UCL team involved in using supercomputers to develop personalised medicine
14 June 2016
Professor Peter Coveney, UCL Chemistry has been involved in a project that aims to realise a long-held dream of designing medicine treatments so they are customised for individual patients. The team's latest work involved using one of the biggest supercomputers on the planet to generate vast amounts of data on how drugs work.
Many different tasks are usually tackled simultaneously by supercomputers but for this proposal to work, Prof Coveney's team (including Dr Dave Wright, Dr Shunzhou Wan, Mr Agastya Bhati and Mr Srdan Jovanovic) had to monopolise a cluster of two groups of computers called SuperMUC. This cluster consisted of 250,000 computers capable of more than 6.8 Petaflops (ten to the power of 15 Floating Point Operations per second) run by the Leibniz Supercomputing Centre (LRZ) in Germany.
"This is one of the biggest supercomputers in Europe - more than double the size of anything in UK - and we need this extraordinary computational power to design personalised medicines in the sort of time that a doctor would take between diagnosing a disease and then selecting an off the shelf medicine for a patient," explained the head of the team, Prof Coveney.
"We achieved all our objectives and more because the jobs in the workflow ran much faster than anticipated. Initial analysis indicates that the simulations will provide insight into how the two most common mutations responsible for acquired resistance to major anti-breast cancer drugs (such as Tamoxifen and Raloxifene) interfere with drug binding."
The results are now being analysed. The purpose of this project is to demonstrate that scientists can work out the way that a candidate drug will act on a target in the body - a protein - and in a matter of a few hours. "Fifty drugs and candidate drugs were studied to determine how they bind with protein targets in a range of disease cases, in order to rank their potency for drug development and for drug selection in clinical decision making," he explained.
If it works, it would mark an important advance for personalised medicine; treatments designed for individuals so that it works efficiently without side effects. Indeed, "it is taking far too long and costing far too much to discover new drugs by conventional experimental means; computer-based methods are the way forward," said Prof Coveney.
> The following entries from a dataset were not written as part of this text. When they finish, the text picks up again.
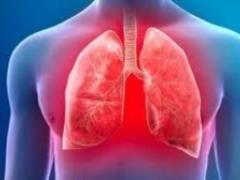 Doctor: how to avoid lung complications with COVID-19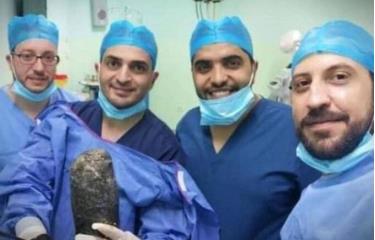 Các bác sĩ tại bệnh viện ở thủ đô Amman, Jordan cầm búi tóc được lấy khỏi bụng bệnh nhân 20 tuổi sau ca phẫu thuật tuần trước. Ảnh: Gulf News.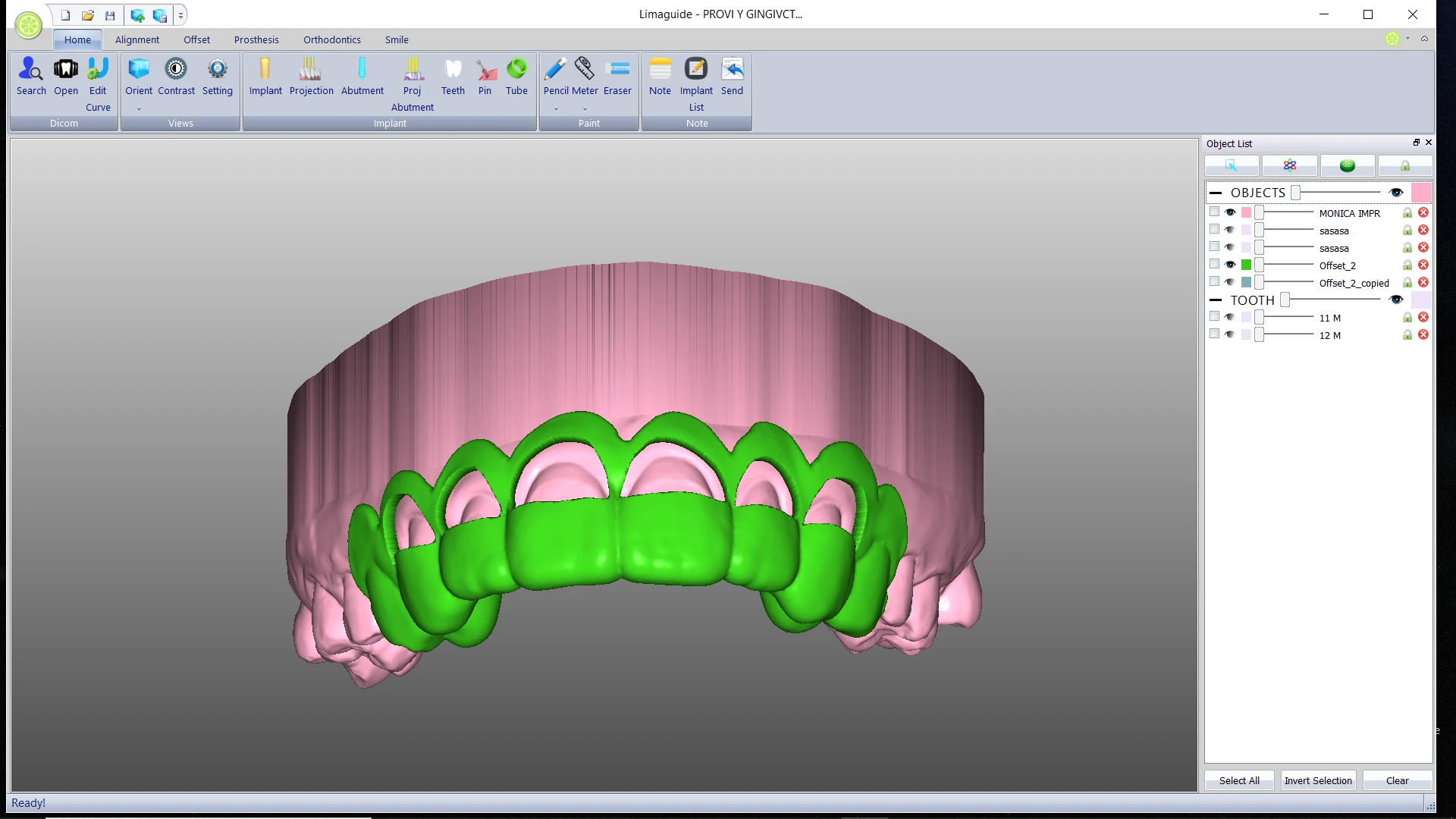 Guía de Gingivectomía Digital para Alargamiento Coronario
"Now that we can read the genetic makeup of a person relatively cheaply we should be able to develop and target many more drugs to specific individuals," he explained. "Most existing drugs are not effective against large swathes of the general population. In such clinical contexts, decisions regarding matching a drug to a patient will need to be taken within hours to effectively treat individuals and that is what we are trying to achieve."
The UCL team is not just ranking existing and future possible drugs but also generating leads for new/improved drugs. Science advances with new data but requires understanding too, and the insights into how drugs work that will arise from the breath-taking scale of Prof Coveney's simulations are only possible because his team is modelling the atomic details of how drug molecules actually work in the body.
This project is a product of long-standing collaboration between Professor Coveney (Director of UCL's Centre for Computational Science) and the Leibniz Supercomputing Centre.
Much of this has been supported by European Union funding. Their work is part of an EU funded project called ComPat, a €3 million project to support emerging high performance computing technologies; it is also a forerunner of an EU Centre of Excellence, run by Prof Coveney, who recently was awarded €5 million.